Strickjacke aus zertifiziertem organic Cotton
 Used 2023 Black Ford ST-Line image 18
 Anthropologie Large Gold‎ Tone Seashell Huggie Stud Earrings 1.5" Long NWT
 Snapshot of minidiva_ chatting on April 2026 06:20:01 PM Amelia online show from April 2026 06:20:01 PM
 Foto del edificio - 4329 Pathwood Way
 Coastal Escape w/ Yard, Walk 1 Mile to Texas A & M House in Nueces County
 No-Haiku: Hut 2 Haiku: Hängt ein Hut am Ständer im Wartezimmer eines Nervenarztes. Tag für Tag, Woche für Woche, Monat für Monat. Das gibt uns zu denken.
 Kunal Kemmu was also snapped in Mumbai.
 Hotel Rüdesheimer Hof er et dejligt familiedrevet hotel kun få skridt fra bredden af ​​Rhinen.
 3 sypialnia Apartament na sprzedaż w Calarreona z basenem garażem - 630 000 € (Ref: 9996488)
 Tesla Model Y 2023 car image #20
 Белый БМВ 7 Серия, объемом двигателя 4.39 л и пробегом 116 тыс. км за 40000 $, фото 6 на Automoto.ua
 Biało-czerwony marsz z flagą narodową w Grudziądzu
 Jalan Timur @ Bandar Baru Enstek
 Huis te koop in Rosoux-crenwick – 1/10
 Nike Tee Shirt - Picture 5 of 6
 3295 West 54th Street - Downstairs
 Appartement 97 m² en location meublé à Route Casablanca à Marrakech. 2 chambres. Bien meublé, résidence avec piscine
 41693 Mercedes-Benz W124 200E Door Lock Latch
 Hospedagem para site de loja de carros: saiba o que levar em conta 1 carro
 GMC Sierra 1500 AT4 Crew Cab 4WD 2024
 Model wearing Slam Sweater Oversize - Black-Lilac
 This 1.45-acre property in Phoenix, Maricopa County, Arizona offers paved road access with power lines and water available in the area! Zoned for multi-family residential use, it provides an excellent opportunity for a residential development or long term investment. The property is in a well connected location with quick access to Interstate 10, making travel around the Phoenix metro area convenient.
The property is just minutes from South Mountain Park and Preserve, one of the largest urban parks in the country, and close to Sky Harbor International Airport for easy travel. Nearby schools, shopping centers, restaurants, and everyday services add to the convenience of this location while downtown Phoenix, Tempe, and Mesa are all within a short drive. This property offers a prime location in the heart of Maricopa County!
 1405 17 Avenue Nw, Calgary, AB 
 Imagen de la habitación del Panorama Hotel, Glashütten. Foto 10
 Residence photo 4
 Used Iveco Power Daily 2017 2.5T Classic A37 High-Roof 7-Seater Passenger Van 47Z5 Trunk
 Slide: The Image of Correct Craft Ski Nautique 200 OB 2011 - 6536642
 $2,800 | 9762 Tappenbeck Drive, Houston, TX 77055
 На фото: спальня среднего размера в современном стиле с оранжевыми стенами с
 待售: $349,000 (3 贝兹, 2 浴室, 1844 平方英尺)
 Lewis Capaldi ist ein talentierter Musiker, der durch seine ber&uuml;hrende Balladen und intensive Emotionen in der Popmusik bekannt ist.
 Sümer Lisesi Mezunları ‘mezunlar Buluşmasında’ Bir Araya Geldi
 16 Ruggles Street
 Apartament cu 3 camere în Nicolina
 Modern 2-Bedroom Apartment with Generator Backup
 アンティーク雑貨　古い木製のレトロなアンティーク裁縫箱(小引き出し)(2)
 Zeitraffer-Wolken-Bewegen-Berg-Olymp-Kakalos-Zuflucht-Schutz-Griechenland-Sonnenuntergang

# # #

• [YOUR TASK]
Restate the material above exactly, leaving nothing out.

• [WRITTEN RESPONSE]
Strickjacke aus zertifiziertem organic Cotton
 Used 2023 Black Ford ST-Line image 18
 Anthropologie Large Gold‎ Tone Seashell Huggie Stud Earrings 1.5" Long NWT
 Snapshot of minidiva_ chatting on April 2026 06:20:01 PM Amelia online show from April 2026 06:20:01 PM
 Foto del edificio - 4329 Pathwood Way
 Coastal Escape w/ Yard, Walk 1 Mile to Texas A & M House in Nueces County
 No-Haiku: Hut 2 Haiku: Hängt ein Hut am Ständer im Wartezimmer eines Nervenarztes. Tag für Tag, Woche für Woche, Monat für Monat. Das gibt uns zu denken.
 Kunal Kemmu was also snapped in Mumbai.
 Hotel Rüdesheimer Hof er et dejligt familiedrevet hotel kun få skridt fra bredden af ​​Rhinen.
 3 sypialnia Apartament na sprzedaż w Calarreona z basenem garażem - 630 000 € (Ref: 9996488)
 Tesla Model Y 2023 car image #20
 Белый БМВ 7 Серия, объемом двигателя 4.39 л и пробегом 116 тыс. км за 40000 $, фото 6 на Automoto.ua
 Biało-czerwony marsz z flagą narodową w Grudziądzu
 Jalan Timur @ Bandar Baru Enstek
 Huis te koop in Rosoux-crenwick – 1/10
 Nike Tee Shirt - Picture 5 of 6
 3295 West 54th Street - Downstairs
 Appartement 97 m² en location meublé à Route Casablanca à Marrakech. 2 chambres. Bien meublé, résidence avec piscine
 41693 Mercedes-Benz W124 200E Door Lock Latch
 Hospedagem para site de loja de carros: saiba o que levar em conta 1 carro
 GMC Sierra 1500 AT4 Crew Cab 4WD 2024
 Model wearing Slam Sweater Oversize - Black-Lilac
 This 1.45-acre property in Phoenix, Maricopa County, Arizona offers paved road access with power lines and water available in the area! Zoned for multi-family residential use, it provides an excellent opportunity for a residential development or long term investment. The property is in a well connected location with quick access to Interstate 10, making travel around the Phoenix metro area convenient.
The property is just minutes from South Mountain Park and Preserve, one of the largest urban parks in the country, and close to Sky Harbor International Airport for easy travel. Nearby schools, shopping centers, restaurants, and everyday services add to the convenience of this location while downtown Phoenix, Tempe, and Mesa are all within a short drive. This property offers a prime location in the heart of Maricopa County!
 1405 17 Avenue Nw, Calgary, AB 
 Imagen de la habitación del Panorama Hotel, Glashütten. Foto 10
 Residence photo 4
 Used Iveco Power Daily 2017 2.5T Classic A37 High-Roof 7-Seater Passenger Van 47Z5 Trunk
 Slide: The Image of Correct Craft Ski Nautique 200 OB 2011 - 6536642
 $2,800 | 9762 Tappenbeck Drive, Houston, TX 77055
 На фото: спальня среднего размера в современном стиле с оранжевыми стенами с
 待售: $349,000 (3 贝兹, 2 浴室, 1844 平方英尺)
 Lewis Capaldi ist ein talentierter Musiker, der durch seine ber&uuml;hrende Balladen und intensive Emotionen in der Popmusik bekannt ist.
 Sümer Lisesi Mezunları ‘mezunlar Buluşmasında’ Bir Araya Geldi
 16 Ruggles Street
 Apartament cu 3 camere în Nicolina
 Modern 2-Bedroom Apartment with Generator Backup
 アンティーク雑貨　古い木製のレトロなアンティーク裁縫箱(小引き出し)(2)
 Zeitraffer-Wolken-Bewegen-Berg-Olymp-Kakalos-Zuflucht-Schutz-Griechenland-Sonnenuntergang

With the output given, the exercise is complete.